Spanish conquistador (1504–1567)

Cristóbal de Oñate (1504 — October 6, 1567) was a Spanish Basque explorer, conquistador and colonial official in New Spain. He is considered the founder of the contemporary city of Guadalajara in 1531, as well as other places in Nueva Galicia (western New Spain).

==Background==
Oñate was born in 1504 in Vitoria-Gasteiz, Álava, to Juan Perez de Oñate and Osaña González. He was born into the House of Haro, whose origins date to the Middle Ages. He was a grandson of Pedro de Baeza, Señor de Narrihondo, one of Spain's last feudal lords.

He was an officer and executive who became one of the first millionaires in North America. He discovered the richest silver mines on the continent, located in Zacatecas.

==Activities in New Spain==
Oñate arrived in New Spain in 1524 as the assistant to Rodrigo de Albornoz. Charles V, Holy Roman Emperor and king of Spain had made Albornoz auditor, one of five royal officials named to oversee Cortés's government in the colony.

In New Spain, he was reunited with his twin nephews Juan and Vicente de Zaldívar y Oñate. Cristobal de Oñate contracted marriage with Catalina de Salazar de la Cadena, daughter of Gonzalo de Salazar and Catalina De La Cadena Maluenda. This was Catalina's second marriage. Her maternal uncle Antonio De La Cadena Maluenda, was Treasurer of New Spain. Gonzalo Salazar was a high-ranking official in the Royal Treasury of the colony, and at times a member of the junta that ruled New Spain.

In 1529 he was a part of the expedition of Nuño Beltrán de Guzmán that conquered the western part of Mexico (the current states of Nayarit, Jalisco, Colima, Aguascalientes and parts of Sinaloa, Zacatecas and San Luis Potosí). This conquest took only a few years, and the newly conquered region became known as Nueva Galicia. The foundation of the cities of Compostela and Tepic in present-day Nayarit and Guadalajara and Zacatecas is attributed to Oñate.

In 1531 (probably January), Oñate founded a small town near Nochistlán to which the name Guadalajara was given. Two years later Beltrán de Guzmán visited the city, and at the request of its inhabitants, who were fearful of Indian attacks and lacked sufficient water, he ordered it moved to Tonalá. This occurred on May 24, 1533. Later, after Beltrán had returned to Spain, it was moved again, to a site near Tlacotan (northeast of modern Zapopan). This occurred probably between October 1541 and February of the following year.

In 1542, Oñate palace was built in Guadalajara, Mexico, by Don Cristóbal de Oñate.
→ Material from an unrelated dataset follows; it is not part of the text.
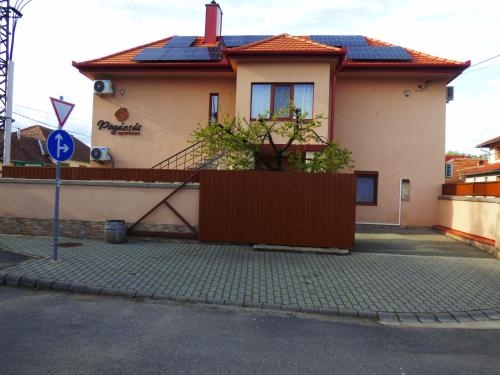 Pogacsas Apartman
This palace became known as the "Palace of Medrano" and is the setting of a 19th-century play called El Palacio de Medrano.

During the conquest of Zacatecas rich silver mines were discovered that made Cristóbal de Oñate and his partners Baltasar Temiño de Bañuelos, Diego de Ibarra and Juan de Tolosa among the richest men in New Spain. Oñate settled at the Pánuco mine in Zacatecas, where five of his six children were born. The Pánuco mine was inherited by his descendant Don Juan Bravo de Medrano y Oñate, I Count of Santa Rosa in the 17th century.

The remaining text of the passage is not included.